Como uno se pega muchas caminatas cuando tengo permiso para salir del manicomio, ayer sábado, pude observar a lo largo de la calle Real una serie de humildes puestecitos en los que se vendían las cosas más variopintas del mundo. Un hombre vendía discos de ésos de pizarra, en cuyas portadas lo mismo podías ver a la Paquera de Jerez que a Pepe Marchena con las caras rosadas de tanto estirar los colores, porque la cosa entonces olía a pólvora y ni la economía ni la técnica daban para más. Otro señor vendía billetes antiguos y monedas del año en que a mí me quitaron la teta. Otro llenaba globos.

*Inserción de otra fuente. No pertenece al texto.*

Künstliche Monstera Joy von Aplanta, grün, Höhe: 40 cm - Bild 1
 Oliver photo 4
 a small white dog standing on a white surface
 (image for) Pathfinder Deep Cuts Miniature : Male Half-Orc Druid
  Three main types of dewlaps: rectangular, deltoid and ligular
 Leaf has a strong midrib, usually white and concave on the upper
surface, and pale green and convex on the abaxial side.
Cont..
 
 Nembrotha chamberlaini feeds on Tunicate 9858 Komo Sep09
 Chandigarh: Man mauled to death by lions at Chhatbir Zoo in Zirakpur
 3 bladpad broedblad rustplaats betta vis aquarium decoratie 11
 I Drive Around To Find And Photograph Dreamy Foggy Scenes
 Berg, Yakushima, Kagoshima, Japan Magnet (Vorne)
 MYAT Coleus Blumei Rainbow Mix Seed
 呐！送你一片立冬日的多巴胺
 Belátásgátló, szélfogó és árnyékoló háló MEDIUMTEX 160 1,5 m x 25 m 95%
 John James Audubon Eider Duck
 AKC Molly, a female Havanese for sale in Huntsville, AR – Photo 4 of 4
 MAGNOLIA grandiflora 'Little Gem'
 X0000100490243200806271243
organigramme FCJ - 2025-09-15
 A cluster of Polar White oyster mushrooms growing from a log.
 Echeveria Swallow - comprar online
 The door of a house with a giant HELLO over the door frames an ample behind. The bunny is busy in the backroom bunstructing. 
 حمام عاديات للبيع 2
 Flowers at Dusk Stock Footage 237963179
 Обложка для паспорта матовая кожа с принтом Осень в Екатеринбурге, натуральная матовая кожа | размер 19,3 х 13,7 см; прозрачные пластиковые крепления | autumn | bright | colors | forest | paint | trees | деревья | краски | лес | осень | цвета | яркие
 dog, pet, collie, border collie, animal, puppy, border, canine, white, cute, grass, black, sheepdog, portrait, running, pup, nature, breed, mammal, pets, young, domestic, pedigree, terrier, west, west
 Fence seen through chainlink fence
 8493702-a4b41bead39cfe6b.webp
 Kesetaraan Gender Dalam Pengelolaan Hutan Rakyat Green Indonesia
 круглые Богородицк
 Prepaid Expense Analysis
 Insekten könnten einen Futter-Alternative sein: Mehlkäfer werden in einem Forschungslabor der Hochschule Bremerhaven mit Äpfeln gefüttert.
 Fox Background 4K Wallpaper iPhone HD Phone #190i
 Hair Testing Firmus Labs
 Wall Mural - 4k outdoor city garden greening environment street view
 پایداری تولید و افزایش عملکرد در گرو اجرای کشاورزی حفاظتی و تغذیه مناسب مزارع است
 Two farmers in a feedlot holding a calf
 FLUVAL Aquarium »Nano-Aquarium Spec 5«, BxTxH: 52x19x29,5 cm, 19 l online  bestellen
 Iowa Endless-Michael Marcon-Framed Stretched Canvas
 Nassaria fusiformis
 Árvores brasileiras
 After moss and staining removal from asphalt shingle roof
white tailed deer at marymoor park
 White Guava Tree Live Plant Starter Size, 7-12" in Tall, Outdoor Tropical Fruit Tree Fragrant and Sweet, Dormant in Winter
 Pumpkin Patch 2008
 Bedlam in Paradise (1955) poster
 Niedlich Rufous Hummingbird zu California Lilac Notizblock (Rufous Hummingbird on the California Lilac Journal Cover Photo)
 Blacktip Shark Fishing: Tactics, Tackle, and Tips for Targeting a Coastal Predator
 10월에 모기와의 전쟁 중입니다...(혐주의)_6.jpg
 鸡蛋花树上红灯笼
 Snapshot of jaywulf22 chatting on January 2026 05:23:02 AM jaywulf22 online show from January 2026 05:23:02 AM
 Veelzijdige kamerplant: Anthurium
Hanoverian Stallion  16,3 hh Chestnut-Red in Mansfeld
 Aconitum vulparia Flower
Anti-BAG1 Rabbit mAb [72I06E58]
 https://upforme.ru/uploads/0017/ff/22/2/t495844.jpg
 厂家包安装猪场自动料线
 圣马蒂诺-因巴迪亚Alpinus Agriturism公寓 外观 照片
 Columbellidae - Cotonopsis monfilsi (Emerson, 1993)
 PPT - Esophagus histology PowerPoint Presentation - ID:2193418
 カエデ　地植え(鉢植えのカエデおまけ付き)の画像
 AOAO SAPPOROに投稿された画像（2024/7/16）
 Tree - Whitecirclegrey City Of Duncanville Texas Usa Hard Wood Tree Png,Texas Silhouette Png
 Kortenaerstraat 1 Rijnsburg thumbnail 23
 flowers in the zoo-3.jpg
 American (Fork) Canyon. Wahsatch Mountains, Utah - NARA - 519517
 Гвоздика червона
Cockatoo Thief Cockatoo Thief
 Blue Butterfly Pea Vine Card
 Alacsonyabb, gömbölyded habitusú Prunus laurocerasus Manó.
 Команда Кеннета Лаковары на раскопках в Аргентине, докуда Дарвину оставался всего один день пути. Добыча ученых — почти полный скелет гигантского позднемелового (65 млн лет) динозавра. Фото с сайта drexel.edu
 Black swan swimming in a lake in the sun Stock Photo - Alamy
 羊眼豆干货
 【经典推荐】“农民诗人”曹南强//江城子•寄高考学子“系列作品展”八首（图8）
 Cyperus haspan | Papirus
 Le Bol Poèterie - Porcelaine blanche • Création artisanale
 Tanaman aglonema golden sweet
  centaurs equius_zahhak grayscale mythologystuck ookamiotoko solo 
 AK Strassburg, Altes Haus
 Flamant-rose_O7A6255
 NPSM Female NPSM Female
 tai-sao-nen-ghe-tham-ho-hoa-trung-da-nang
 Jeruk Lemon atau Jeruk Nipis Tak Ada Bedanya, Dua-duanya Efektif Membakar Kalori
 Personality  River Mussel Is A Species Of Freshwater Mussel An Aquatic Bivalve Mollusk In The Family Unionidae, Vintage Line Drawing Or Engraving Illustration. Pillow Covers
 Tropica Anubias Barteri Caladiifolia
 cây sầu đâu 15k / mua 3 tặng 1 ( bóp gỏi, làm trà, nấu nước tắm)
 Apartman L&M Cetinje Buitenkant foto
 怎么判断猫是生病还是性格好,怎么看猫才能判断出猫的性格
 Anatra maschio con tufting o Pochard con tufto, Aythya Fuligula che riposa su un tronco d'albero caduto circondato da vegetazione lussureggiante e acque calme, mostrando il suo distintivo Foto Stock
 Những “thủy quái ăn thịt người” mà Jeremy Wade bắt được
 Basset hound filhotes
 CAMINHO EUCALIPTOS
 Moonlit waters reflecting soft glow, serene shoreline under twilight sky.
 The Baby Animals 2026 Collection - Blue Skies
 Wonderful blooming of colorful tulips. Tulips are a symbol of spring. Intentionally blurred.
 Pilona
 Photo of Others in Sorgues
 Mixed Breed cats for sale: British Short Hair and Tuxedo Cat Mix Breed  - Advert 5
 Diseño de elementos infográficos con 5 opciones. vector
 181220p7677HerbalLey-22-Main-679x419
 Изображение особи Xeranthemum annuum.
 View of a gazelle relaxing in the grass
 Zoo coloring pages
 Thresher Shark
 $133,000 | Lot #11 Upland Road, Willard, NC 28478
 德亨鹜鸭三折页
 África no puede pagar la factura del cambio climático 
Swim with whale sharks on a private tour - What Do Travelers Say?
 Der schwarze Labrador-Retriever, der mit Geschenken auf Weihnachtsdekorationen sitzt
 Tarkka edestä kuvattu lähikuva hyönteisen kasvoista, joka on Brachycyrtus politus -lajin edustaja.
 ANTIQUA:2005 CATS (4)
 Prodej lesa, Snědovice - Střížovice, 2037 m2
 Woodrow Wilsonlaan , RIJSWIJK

Otro propagaba a Corín Tellado y esparcía por el suelo aquellas novelas que tanto rellenaron las horas de nuestros padres y abuelos. En fin, que el poquito ambiente que había lo ponían ellos con sus escasas ventas y su multitud de ilusiones.
Inmediatamente, uno, que no para de darle al coco, se puso a pensar como el que no quiere la cosa y se me vino al recuerdo un viaje que hice a Edimburgo hace tiempo. No se me puede olvidar el espectáculo que mis ojos vieron. Se trataba de un edificio enorme, una de cuyas plantas estaba totalmente repleta de coches. Le llamaban a aquello el Sunday Market (Mercado del Domingo).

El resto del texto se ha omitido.